Friday, January 25, 2013

Fraudulent transfer case 1/04/2013



In evaluating potential fraudulent transfers more generally, consideration may be given, among other factors, to any or all of the following:

((1)) Whether the transfer or obligation was to an insider.
((2)) Whether the debtor retained possession or control of the property transferred after the transfer.
((3)) Whether the transfer or obligation was disclosed or concealed.
((4)) Whether before the transfer was made or obligation was incurred, the debtor had been sued or threatened with suit.
((5)) Whether the transfer was of substantially all the debtor's assets.
((6)) Whether the debtor absconded.
((7)) Whether the debtor removed or concealed assets.
((8)) Whether the value of the consideration received by the debtor was reasonably equivalent to the value of the asset transferred or the amount of the obligation incurred.
((9)) Whether the debtor was insolvent or became insolvent shortly after the transfer was made or the obligation was incurred.
((10)) Whether the transfer occurred shortly before or shortly after a substantial debt was incurred.
((11)) Whether the debtor transferred the essential assets of the business to a lienholder who transferred the assets to an insider of the debtor.

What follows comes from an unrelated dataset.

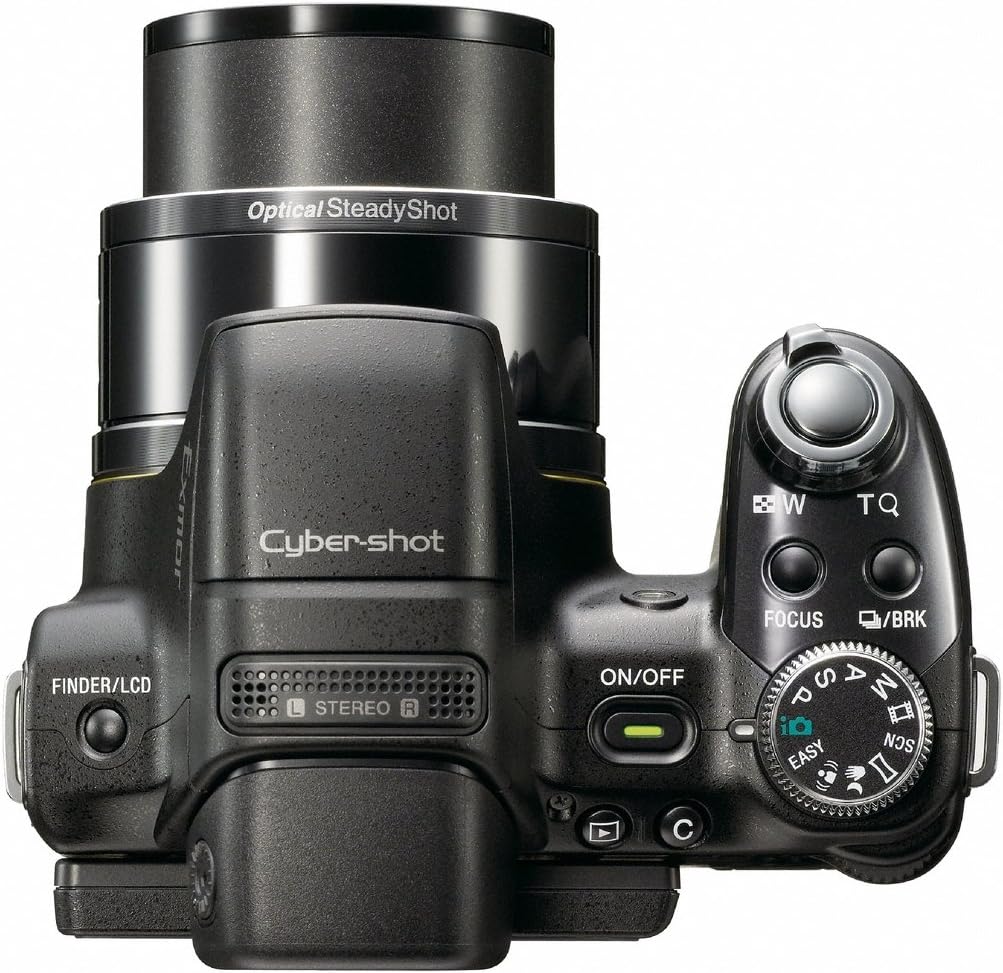 Sony Cybershot DSC-HX1 9.1MP 20x Optical Zoom Digital Camera with Super Steady Shot Image Stabilization and 3.0 Inch LCD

ACACIA CORP MANAGEMENT, LLC v. U.S., Cite as 111 AFTR 2d 2013-XXXX, 01/04/2013

ACACIA CORPORATE MANAGEMENT, LLC, Michael Ioane, Plaintiffs, v. UNITED STATES, et al., Defendants.
Case Information:

Code Sec(s):      
Court Name:      United States District Court, E.D. California,
Docket No.:        No. CIV F-07-1129 AWI GSA,
Date Decided:   01/04/2013.
Disposition:      
HEADNOTE

.

Reference(s):

OPINION

United States District Court, E.D. California,

ORDER RE: MOTION FOR SUMMARY JUDGMENT

Judge: ANTHONY W. ISHII, District Judge.

I. History

Vincent Steven and Louise Q. Booth (“Booths”) are a married couple who file joint tax returns. The Booths owned three parcels of property (the “Subject Properties”) in Bakersfield, CA. The Booths met Plaintiff Michael Scott Ioane (“Ioane”) and began taking his advice on how to reduce/evade their income tax liabilities. In 1996, the Booths transferred ownership of the Subject Properties to the Alpha Omega Trust and the Aligned Enterprises Trust; in 2002, they transferred ownership of the Subject Properties to the Bakersfield Properties and Trust Company (all three entities collectively the “Booth Trusts”). The beneficiaries of the Booth Trusts are the Booths' children.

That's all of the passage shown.